Now that we have these two definitions, we can define the primary confidence function, \(C\), as follows:

$$C(A, \Delta) = \max(C_{A\Delta}(A, \Delta), C_{\Delta}(\Delta))$$

By feeding \(A\) and \(\Delta\) into \(C\), we get our final confidence value.

Multithreaded worker model

At a high level, the detector needs to be able to rapidly handle a lot of requests at the same time, but without falling victim to denial-of-service attacks. Since the tool needs to download many webpages very quickly, it is vulnerable to abuse if the same request is repeated many times without delay. Therefore, all requests made to the tool share the same set of persistent worker subprocesses, referred to as global worker mode. However, the underlying detection machinery in earwigbot also supports a local worker mode, which spawns individual workers for each copyvio check so that idle processes aren’t kept running all the time.

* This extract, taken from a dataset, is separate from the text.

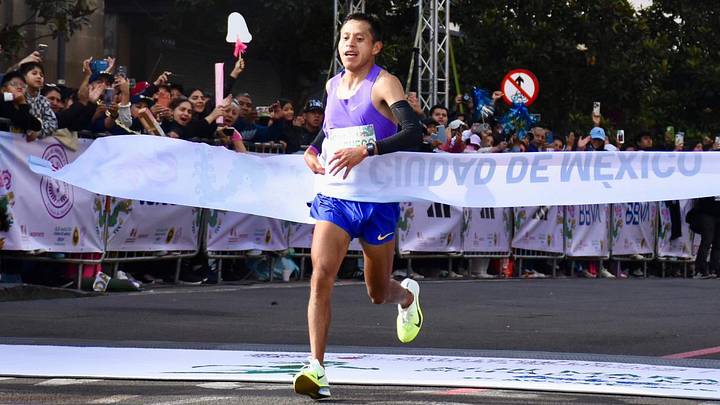 El peruano Cristhian Pacheco ganó este domingo el Maratón de la CDMX. El peruano Cristhian Pacheco ganó este domingo el Maratón de la CDMX.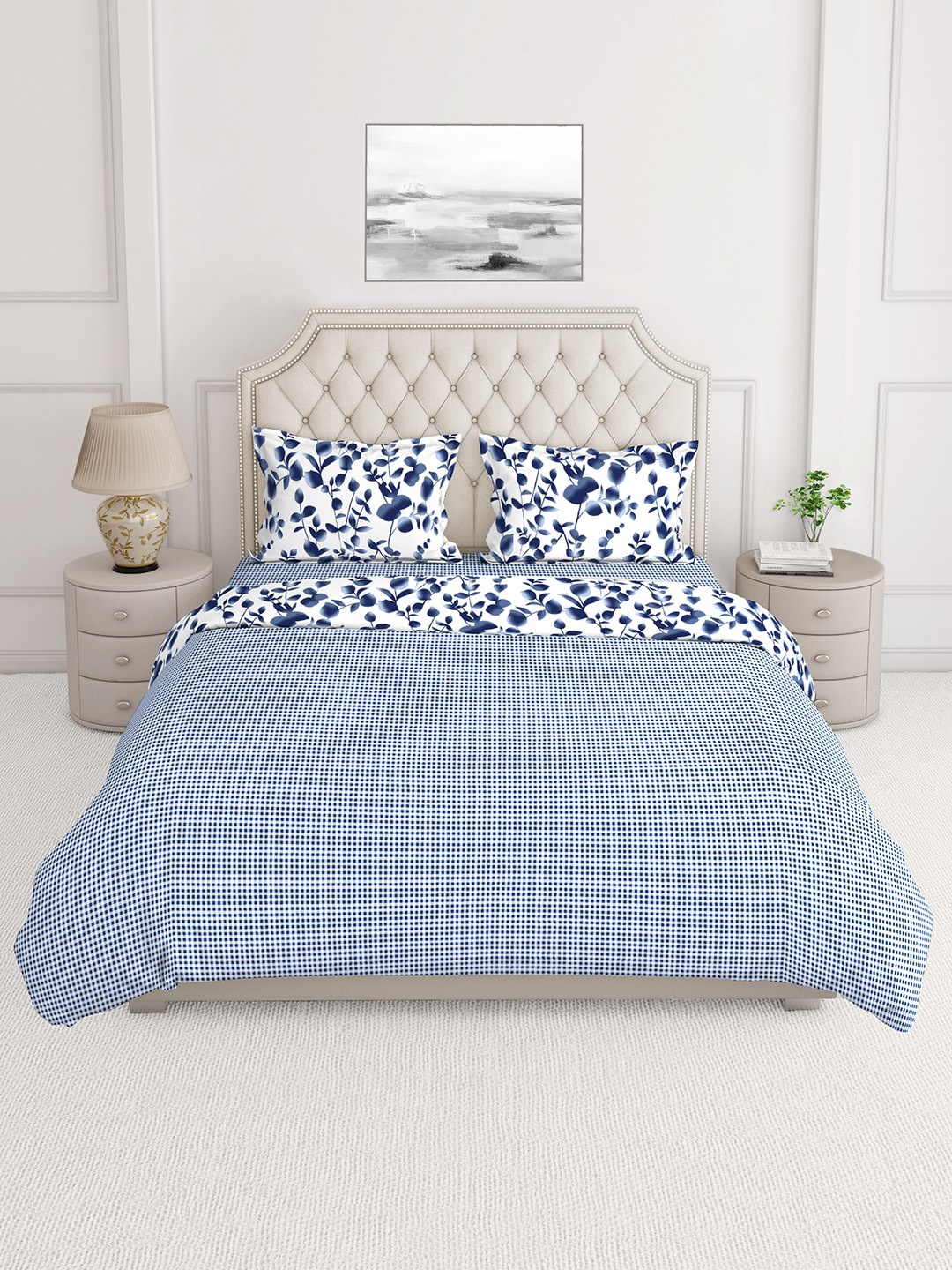 

Layers Blue & White Printed Cotton Superfine Double King Bedding Set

But how do these workers handle fetching URLs? The “safe” solution is to only handle one URL at a time per request, but this is too slow when twenty-five pages need to be checked in a few seconds – one single slow website will cause a huge delay. The detector’s solution is to keep unprocessed URLs in site-specific queues, so that at any given point, only one worker is handling URLs for a particular domain. This way, no individual website is overloaded by simultaneous requests, but the copyvio check as a whole is completed quickly.

Other features enable efficiency: copyvio check results are cached for a period of time so that the Foundation doesn’t have to pay Yahoo! for the same information multiple times; and if a possible source is found to have a confidence value within the “suspected violation” range, yet-to-be-processed URLs are skipped and the check short-circuits.